Have a great weekend, y’all. Be safe. ♥

Insanity

I wanted to post something fun and playful and very much on topic this week. I had it all planned out. But after yesterday’s insanity, it seems frivolous to even think about posting it. So I will put it on hold.

I am sick down to my soul. Disgusted. Angry. Scared out of my freaking mind about the next two weeks. Shell-shocked and exhausted.

One thing I am not?

Surprised.

On that awful night in November 2016, when I wept all night in fear and dread, I had no clear idea of what would happen. But I knew something awful was coming.

I’d say God help us all, but you know, atheist.

Oh, BTW, the pandemic is still raging and the hospitals in L.A. are maxed out. The blame for that is on you-know-who as well. This could have been avoided.

Please, friends, be safe. Take good care. ♥

Good thoughts, please

This might be my last update for a while. I really don’t have anything good to post, and the situation here is a bit dire.

The Bobcat fire in Southern California is close to John’s town. It is up in the hills above several foothill communities, and John’s is one of them. I was there with him this weekend, and yesterday, we were told to leave. John is staying at his condo in another county, and I am back at my apartment.

The air quality is poor everywhere, some places worse than others. In John’s area, everything smelled like a barbecue. Mercifully, at my place, the sky is hazy but there is no smell.

Last week began with my A/C that was out for two days when we had triple-digit temperatures, and it ended with my car costing $1550 in various repairs and maintenance. John was healing from a pulled tooth and an infected thumb, and I was dealing with three large, weepy, angry ant bites on my leg with itching that nearly drove me nuts.

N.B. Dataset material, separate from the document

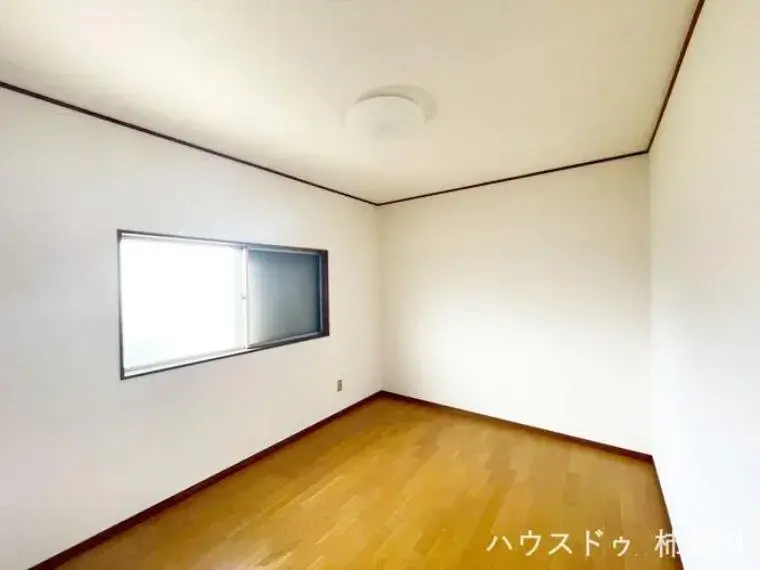 Slide 21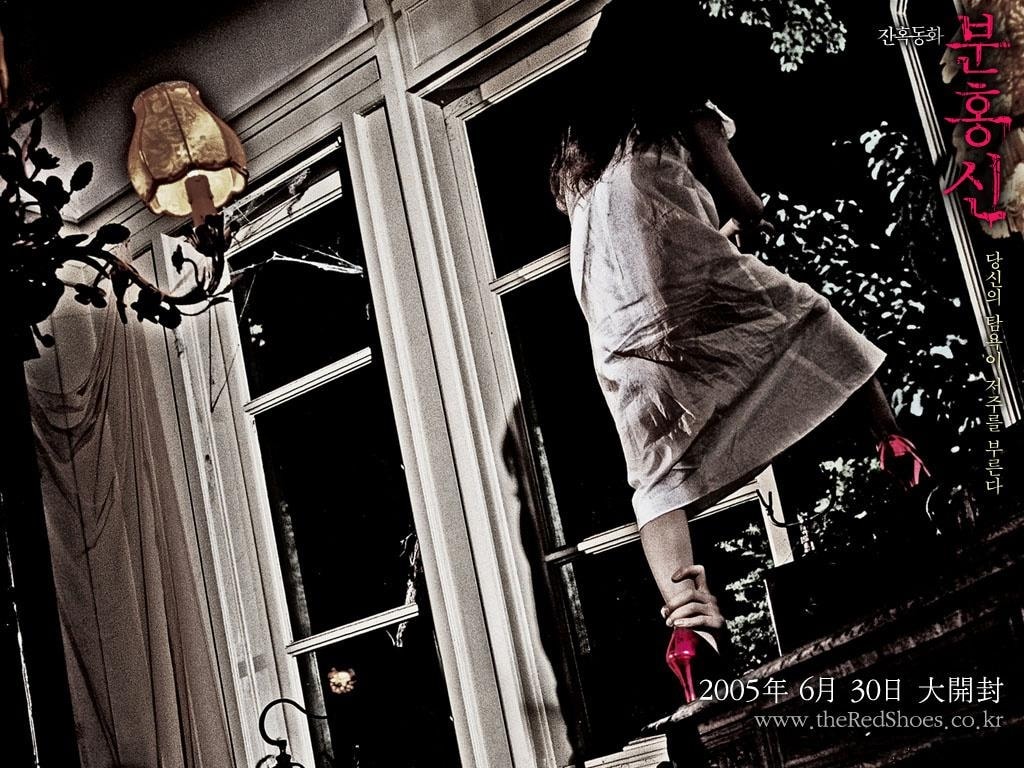 http://www.119127.cn/pics/default/download/71f9ba176a022564d18fbddd4d6c5292.jpg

And now, compared to this fire hanging over our heads like a specter, last week was a picnic.

The entire West Coast is on fire, it seems. Washington and Oregon are badly impacted too. There seems to be no end in sight.

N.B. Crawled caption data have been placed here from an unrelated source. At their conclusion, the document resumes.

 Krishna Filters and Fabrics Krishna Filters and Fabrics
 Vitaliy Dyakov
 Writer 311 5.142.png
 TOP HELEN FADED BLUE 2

I am home working. Trying to keep my head and not lose it in panic and fear. And anger. Because this didn’t have to happen. And neither did the extremity of the Covid epidemic that’s keeping us from our loved ones at this highly stressful time.

Four years ago, I cried all night in fear, not knowing what exactly I was afraid of but feeling a sense of doom. Now I know exactly what I feared. All this. Living hell, truly. And I’m an atheist and don’t even believe in that crap. But if this isn’t hell, I don’t know what is. Out of control fires. Riots and protests and shootings. An out of control pandemic, with a so-called president who knew how bad it was but lied to all of us.

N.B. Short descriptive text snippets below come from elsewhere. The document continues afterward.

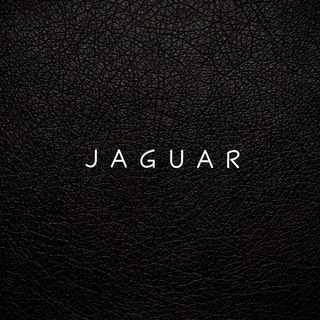 Telegram profile photo for J A G U A R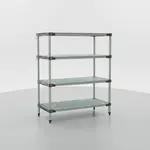 Metro MF-215474G-A-4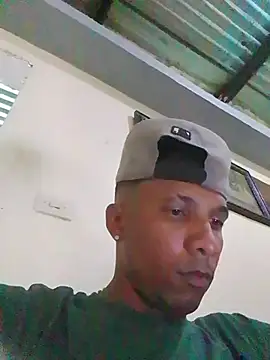 blackhot22c online show from 2, 7, 2026
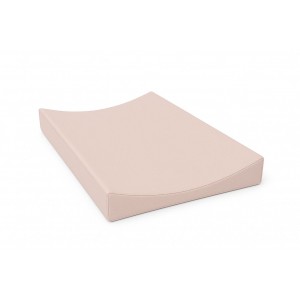 Matelas à langer incurvé 50x80cm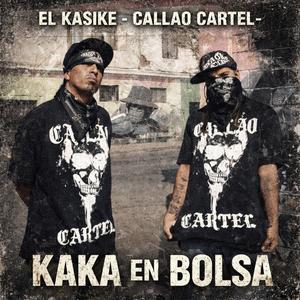 Kaka en Bolsa (Rehearsal Version)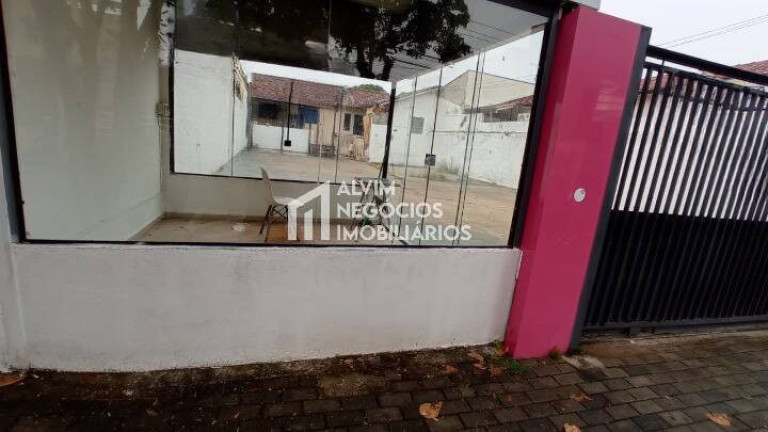 Imagem Casa com 2 Quartos para Alugar, 310 m² em Jardim Maringá - São José Dos Campos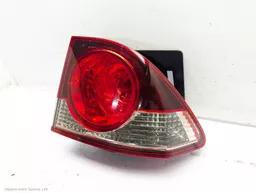 4e608743-6677-4959-b2fc-6ef2d329ceb3.jpeg?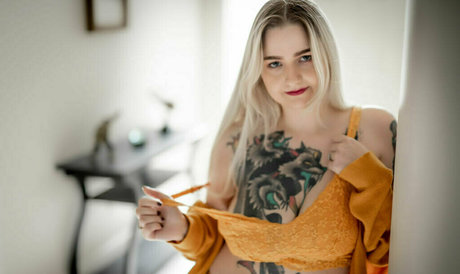 missgwenstacy onlyfans nude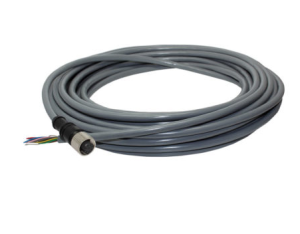 Sporlan M12 Kablo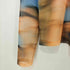 カルネボレンテ Carne Bollente 25SS Riviera Romance Printed Mesh メッシュ セカンドスキン レディース import:S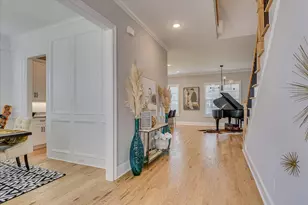 654 Whitney Shls Rd, Evans, GA 30809 - Photo 8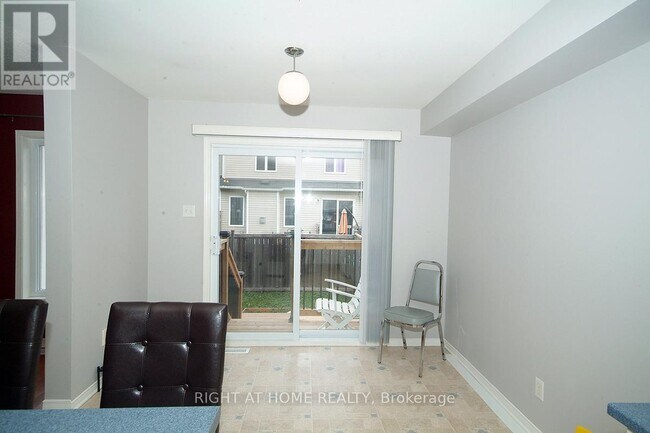 Building Photo - 37 Barnstone Dr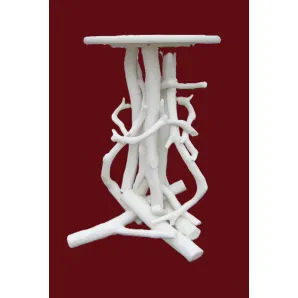 Стол кофейный- подставка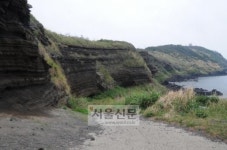 해안길 따라 걷고 또 걷고 제주의 속살 보고 또 보고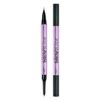 Urban Decay Brow Blade Eyebrow Pencil Ink Stain Brow - Blackout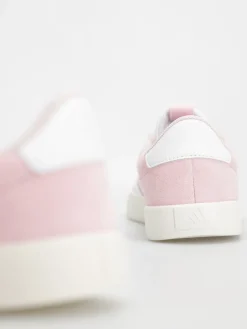 adidas Vl Court 3.0 Wmn Shoes
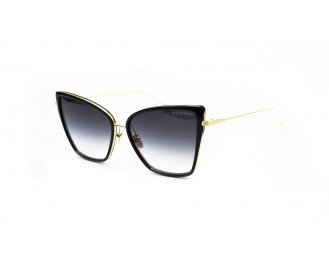 DITA DITA 	SUNBIRD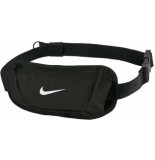 Nike Nike challenger 2.0 waist pack small n1007143-091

And that bloated monster is here in CA right now, blaming us for the fires. Go do your fucking hate rallies, you murderous lying bastard. We don’t want you here.

I know other people I love are suffering. This has been an awful year for just about everyone I know. Many tragedies and losses, illnesses, pain. It’s hard to feel like you can ask for support when everyone else needs it too. So… I’m just hunkering down and hoping. I’m not budging from my apartment, where it is quiet and safe. I will work. I need to pay my bills. Play is the furthest thing from my mind right now, so there’s no point in trying to keep up a spanking blog. When/if life calms a bit, I will get back to it.

Please hold a good thought for me. I am so scared.